Despertarse con una botella de Ballantines al lado de la cabecera resulta un tanto turbador. Mirar en derredor y comprobar que estás en una cueva… raro.

Despertar

Despertar

Hasta que pasaron unos segundos no conseguí hacerme una composición de lugar y explicarme por qué amanecía en una cueva de Ayna, en Albacete. El día anterior, Juan y yo habíamos decidido, siguiendo las indicaciones de unos parroquianos, dormir en una cueva a las afueras del pueblo. Parece ser que era un lugar seguro, caliente en invierno y fresco en verano. Por si esto fuera poco podíamos aparcar las motos a poca distancia. Vamos, una especie de olimpo en lo que a residencias se refiere.
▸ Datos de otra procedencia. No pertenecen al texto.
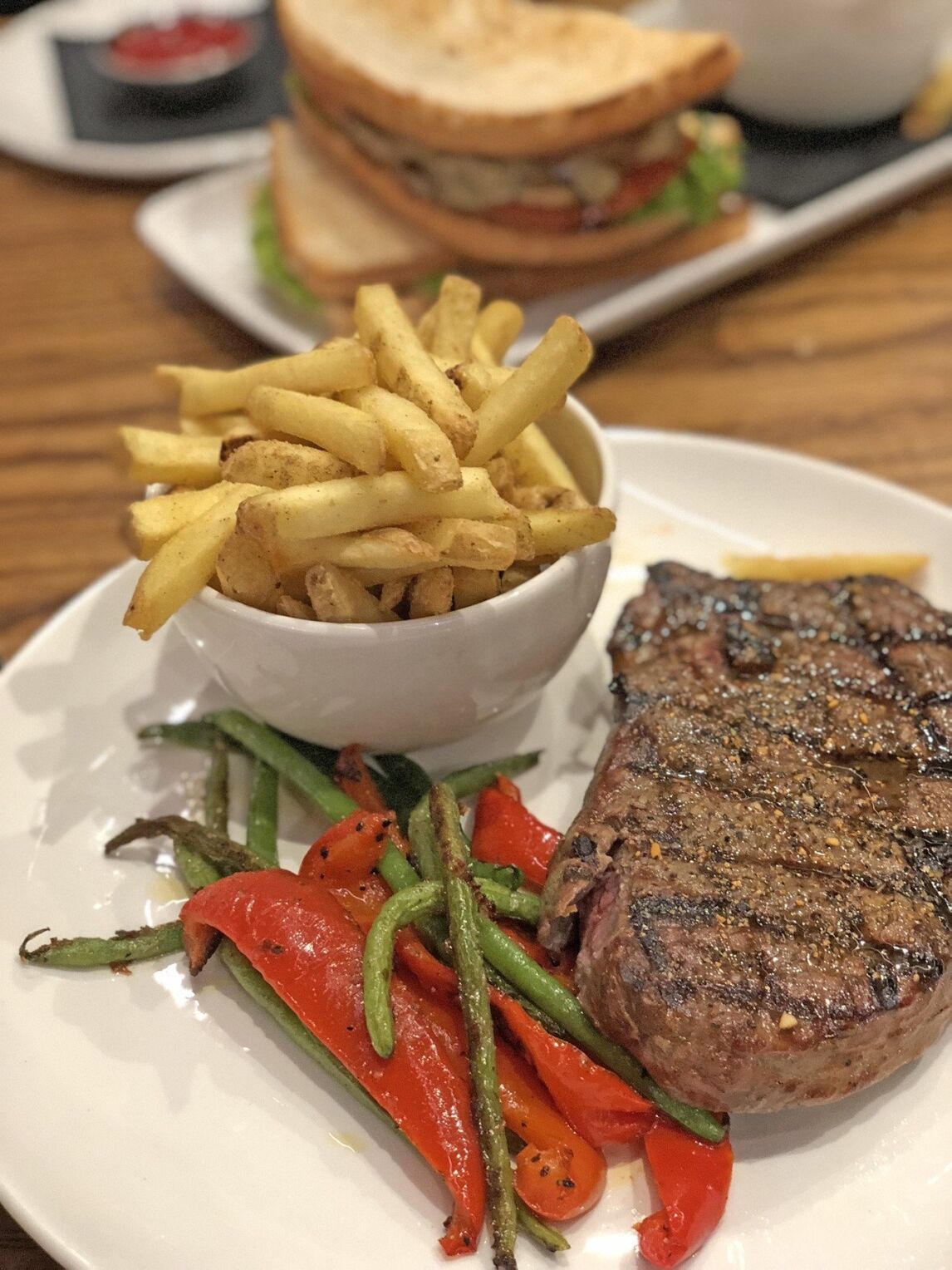 The Sandman Signature, Aberdeen: dinner in the hotel restaurant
Lo cierto es que el sitio no estaba mal pero, al ser público, tuvimos visita por la noche. Un hombre con pinta de borracho apareció resoplando a las tres o las cuatro de la mañana, agarrado a un tetrabrick de Don Simón y con una despreocupación envidiable. Si no hubiera sido por el “quién anda ahí?” que soltó Juan, creo que ni me hubiera enterado de que teníamos visita en casa. Encendí la linterna y enfoqué directamente un potente haz de luz a la cara del sujeto. Por su expresión no parecía muy peligroso así que, acerqué la botella de whisky a mi lado y seguí durmiendo.

Cuando desperté, mis compañeros de domicilio hacía rato que se habían levantado.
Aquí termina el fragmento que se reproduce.